▸ **TASK TO COMPLETE**: Nothing but the records, transcribed exactly, should appear in the answer; leave the pictures out.

[Dataset records]
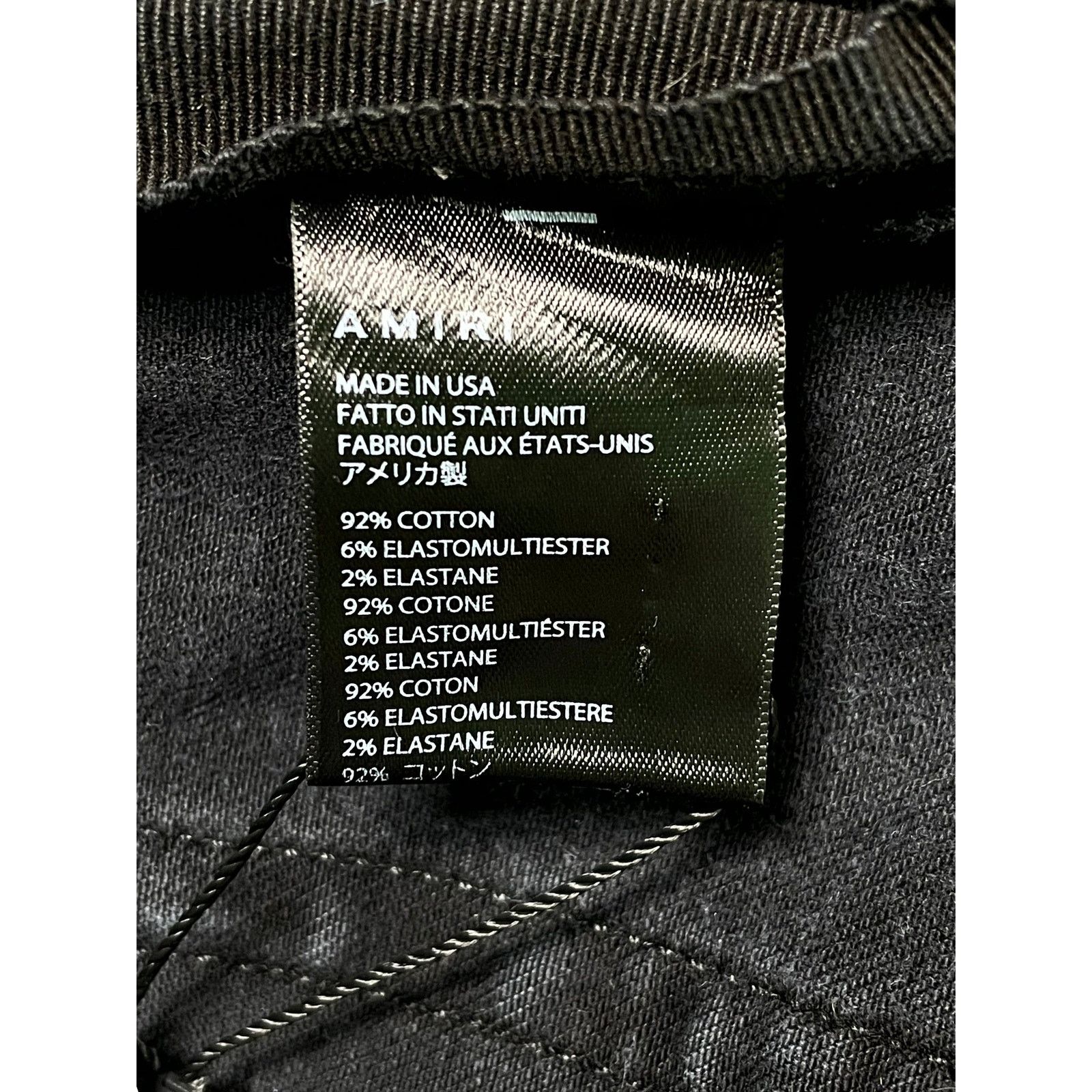 Amiri Amiri MX2 Paisley Black Wash & Brown Jeans Size US 36 / EU 52 - 5 Thumbnail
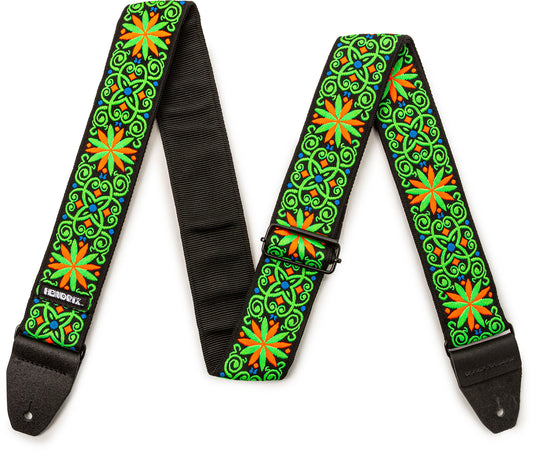 Jim Dunlop JH26 Jimi Hendrix Blacklight Fillmore Green – Courroie guitare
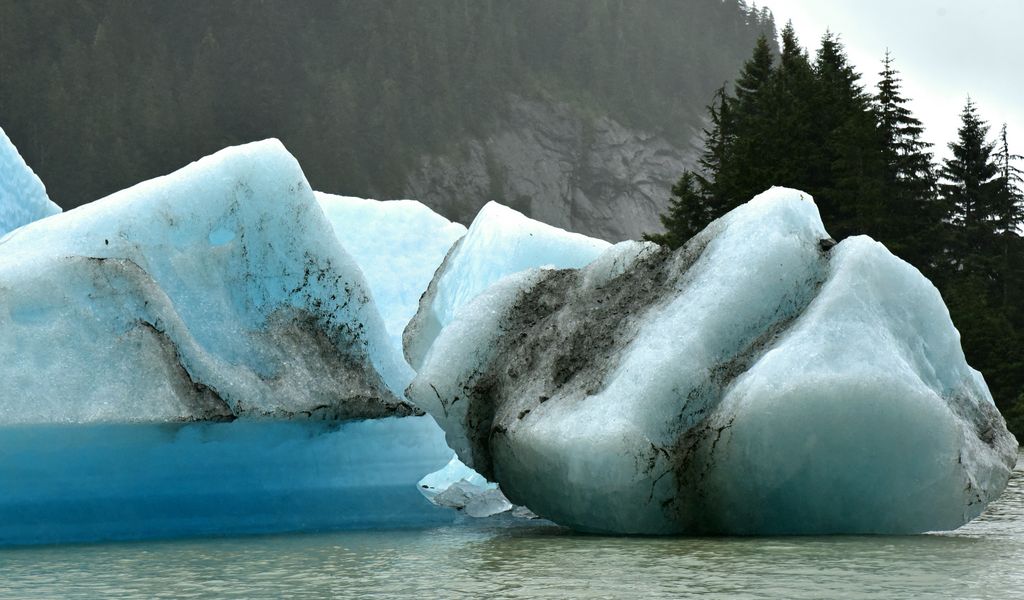 Eisberge im Shakes Lake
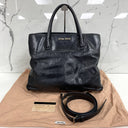 Miu Miu Black Leather Tote, photo 3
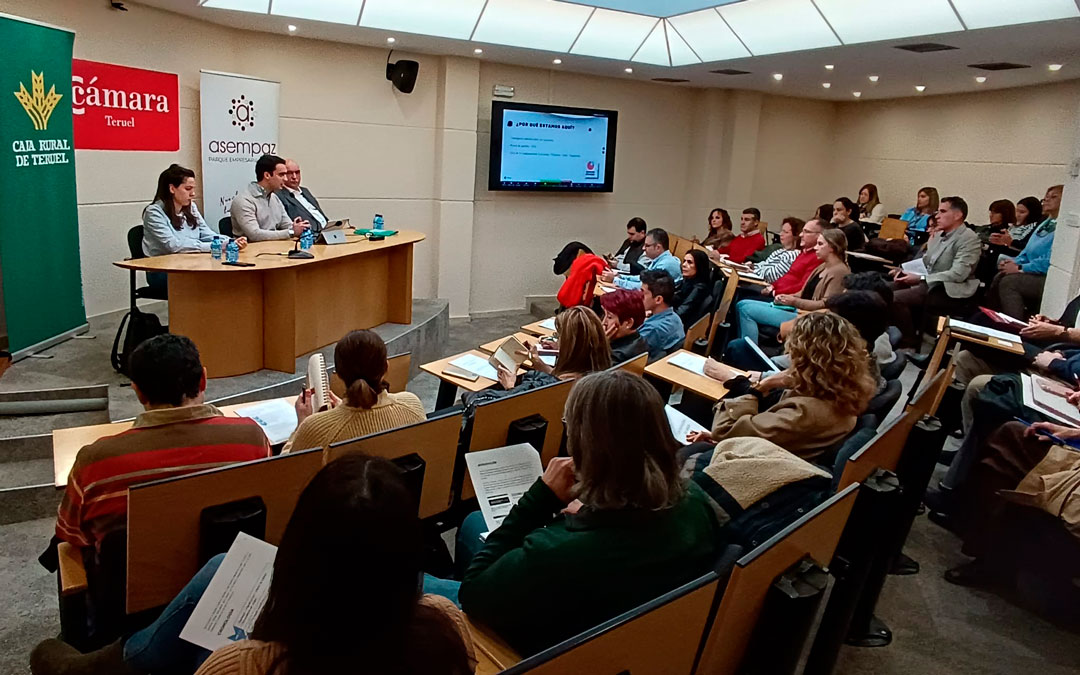Imagen de la jornada que se ha celebrado este martes en Teruel./Cámara de Comercio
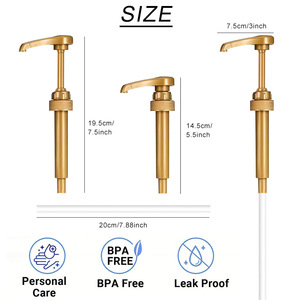 เครื่องปั๊มน้ำเชื่อมพลาสติก10cc <span class=keywords><strong>5cc</strong></span> เกรดอาหาร8cc ดื่มชากาแฟเครื่องจ่ายแยมน้ำผึ้งปั๊มแกลลอน - Product Image 3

▸ **ANSWER TO THIS PROBLEM**:
 Amiri Amiri MX2 Paisley Black Wash & Brown Jeans Size US 36 / EU 52 - 5 Thumbnail
 Jim Dunlop JH26 Jimi Hendrix Blacklight Fillmore Green – Courroie guitare
 Eisberge im Shakes Lake
 Miu Miu Black Leather Tote, photo 3
Imagen de la jornada que se ha celebrado este martes en Teruel./Cámara de Comercio
 เครื่องปั๊มน้ำเชื่อมพลาสติก10cc <span class=keywords><strong>5cc</strong></span> เกรดอาหาร8cc ดื่มชากาแฟเครื่องจ่ายแยมน้ำผึ้งปั๊มแกลลอน - Product Image 3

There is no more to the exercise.